The month of June holds global recognition as “Pride Month” and is a time for most celebrations of the LGBTQIA+ community. While Boston Pride draws attention during the second weekend of the month, Worcester chooses to postpone its celebration until the arrival of fall. Meanwhile, there will be a noticeable increase in queer-coded merchandise, events, and visibility of advocacy efforts during this month. I strongly encourage everyone to reflect on what it means to take pride in something and why this month holds significance for the LGBTQIA+ community.

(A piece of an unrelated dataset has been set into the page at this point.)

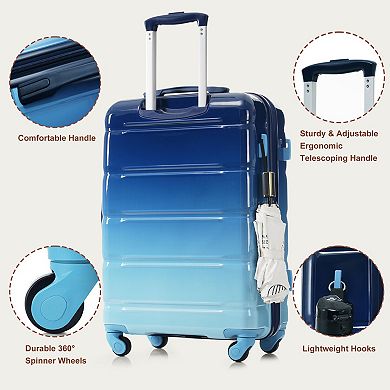 Hardside 5 Piece Spinner Luggage Set with Travel Bag, 20-inch with USB Port Carry on Suitcase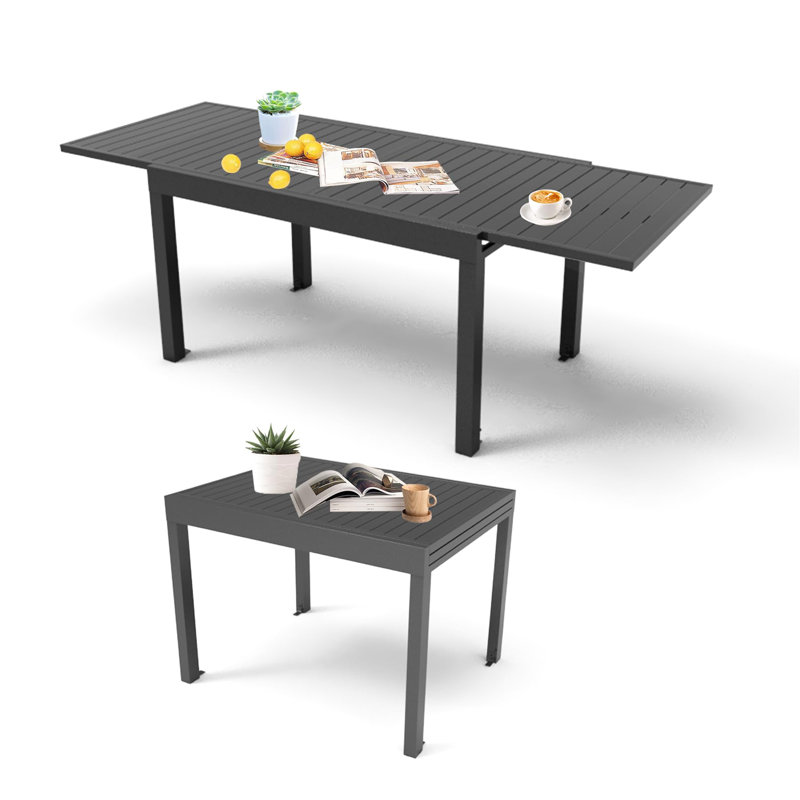 Table de salle à manger polyvalente et résistante aux intempéries pour toutes les occasions, Gris foncé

The first Pride March was a NYC riot in response to a police raid of the Stonewall Inn on Christopher St the night of the last Saturday in June 1969; since then NYC holds its Pride celebration every last Sunday of June. The riot itself served as a resistance movement against the ongoing and systematic discrimination faced by the queer community, historically perpetuated through the abuse of power by law enforcement; exhausted by the disruption of their social and personal lives and the shame imposed upon them through arrests, closure of queer spaces, and outright police brutality, the queer community united. Marsha P. Johnson, a person assigned male at birth who defied gender expectations, is credited with initiating the riot by throwing the first brick. Her actions exemplify the bravery and fatigue experienced by the Black queer community, who strive for the right to live, pursue happiness, and freely express themselves.

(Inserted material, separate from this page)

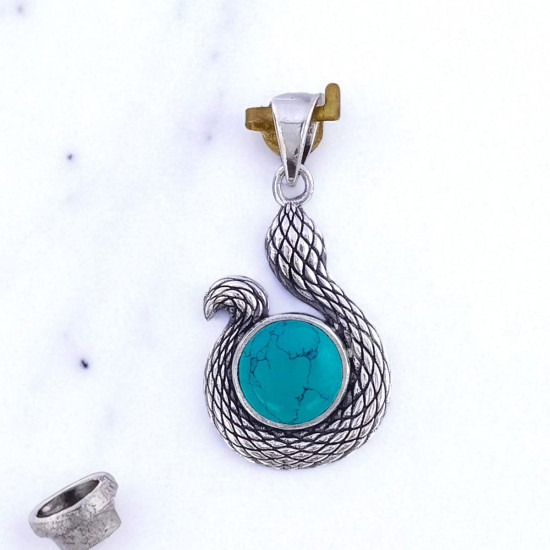 Wholesale 925 Sterling Silver Coiled Snake Pendant | Round Turquoise Animal Jewelry (MYS P226) Wholesale 925 Sterling Silver Coiled Snake Pendant | Round Turquoise Animal Jewelry (MYS P226)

It is of utmost importance that the gay community remembers and honors the immense bravery of the transgender and gender-expansive community. They have been instrumental in achieving the rights and privileges we currently enjoy. Unfortunately, these rights are now under attack, particularly affecting transgender individuals who face heightened vulnerability in numerous states nationwide. In some states, it is becoming illegal to exist and express gender identities outside the binary. Floridian children are now at risk for removal from their home if their parents support them in any gender-fluid expression of self including the use of different pronouns or gender coded dress that matches binary cisgender norms for their sex assigned at birth. Dozens of other states are pushing for legislation that would punish gender expansive expression, traumatize children through unnecessary removal, or otherwise endorse a culture for which lynching of queer people may become common. Banning books and media with queer representation is a specific form of fascism that must be resisted and for anyone who is a resident of a state or municipality for which such legislation and efforts are developing I strongly encourage you to reach out to your local representatives and to advocate protection of trans youth.
Representation matters and is one of the two most important factors to reduce suicidal risk in queer youth, the other is having access to caretakers and trusted adults for which they are supported in navigating, exploring, and expressing their gender and identities in whatever way is authentic.
As the month unfolds, varying events and seasonal activities occur, and the flowers continue to brighten our day please remember that some of our most vulnerable may not survive the year in light of the fresh oppression and legalization of discrimination and hate that is developing in our nation. Consider donating to a local area advocacy league, pride community center, or the ACLU at the very least.
May you have a healing June during these oppressive times.